Eu sou um dos que acreditou na redenção que o 25 de Abril de 74 ia trazer, quando uma boa parte da minha vida já tinha sido consumida no pântano do Estado Novo, que já não era novo entes velho e caduco.
Exultei de alegria, mas um amigo meu com quem convivia no Funchal, e que se dizia comunista, avisou -me que não tivesse ilusões com a euforia daqueles primeiros tempos pois vinham aí outros tempos de grandes lutas e confrontos.

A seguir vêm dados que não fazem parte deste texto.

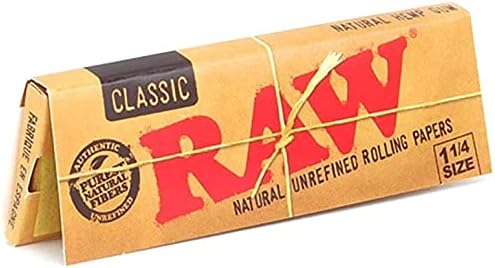 Bundle - 5 Items - Raw Classic 1 ¼ Rolling Papers, 79mm Roller, Pre-Rolled Tips with Hippie Butler Mini Rolling Tray (Fruit) and Hippie Butler Kewltube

Vieram esses tempos, que foram de aguerrida disputa sem nunca se terem ultrapassado os limites da violência sem retorno - mas a euforia e a esperança mantiveram-se em mim com muita convicção.
Vivi em Lisboa os tempos que eu acho fantásticos do PREC : a euforia da liberdade a extravasar por todos os lados, os cantos de sereia sobre a ditadura do proletariado que assustaram apenas quem tivesse o coração receoso e as convicções democráticas fracas, a mim não assustaram ; a violência verbal que quase nunca descarrilou para violência física. o que é espantoso - e ainda hoje recordo com saudade, sim, com saudade, as manifestações do "Fitipaldi dos chaimites" no Terreiro do Paço, a muralha humana de democratas em frente ao jornal Republica que havia sido tomado pelos seus tipógrafos que mantinham refém o velho Raul Rego e, claro, entre muitas outras, a manifestação da Alameda onde se decidiu o futuro da democracia.
Era o tempo em que tudo parecia possível, em que a primeira geração de políticos que ascendeu à Assembleia da Republica, em todos os quadrantes partidários, constituía um punhado de opositores ao regime salazarista, e que vinham com elevado sentido de ética e o objectivo de bem servir.
Recordar o que era este povo em 24 de Abril é uma recordação confrangedora : quem é que tinha o que hoje consideramos essencial e sem qual se pensa que se não pode viver num país europeu ? O marcelismo fora uma triste desilusão para quem pensou que o país ia entrar no desenvolvimento moderno, o seu mentor era mais conservador que o velho ditador que ele veio substituir, a miséria material e espiritual continuaram na mesma.
Só para falar nos mínimos : quem é que tinha electricidade e água potável em casa? O luxo do frigorífico e dos electrodomésticos ? Assistência na doença ( mesmo que hoje o SNS tenha muitas falhas) ? Educação e instrução para todos? Acesso aberto às Universidades ? Quem podia ter carro, quem tinha subsídios de férias e de Natal? Infantários quase não existiam para lá das escolas João de Deus...
Tantas e tantas coisas que as gerações de hoje nem acreditam que os seus pais e avós não tinham !
Mas acima de tudo a liberdade : poder falar sem ter na mesa do café ao lado ou na escola uns companheiros em quem confiávamos e nos denunciavam à polícia; ajuntamentos de mais de tres pessoas podiam logo ser considerados subversivos, jornais, livros e filmes terem de passar pelo lápis vermelho duns execráveis funcionários e coroneis reformados da Censura-
Mas a democracia depois enquistou : os Partidos políticos tornaram-se escolas de clientelismo, a corrupção adquiriu foros de grandeza que não imaginávamos ser possível, o mercantilismo tomou conta da ética democrática e assalariou-a, um certo tipo de medo voltou a instalar-se nos empregos públicos e privados, a justiça - esse pilar fundamental da democracia - nunca conheceu verdadeiramente o seu 25 de Abril e é confrangedora de ineficácia e de erros crassos.
A falta de cultura democrática e de consciência colectiva permitiu que tenham chegado à ribalta do Poder pessoas tão diferentes mas tão iguais em incapacidade democrática como José Sócrates, Cavaco Silva ou Pedro Passos Coelho.
Por isso sou um dos desiludidos do 25 de Abril e daquilo que ele podia ter sido ; como é que se pode dizer e garantir às gerações de hoje que todos estes desvios, erros e contradições são uma gota de água no oceano do marasmo e da miséria moral que existia no anterior regime?
Desiludido mas firmemente partidário do meu Partido : a liberdade e a democracia, por quem vale a pena lutar e não desistir. 25 de Abril sempre !!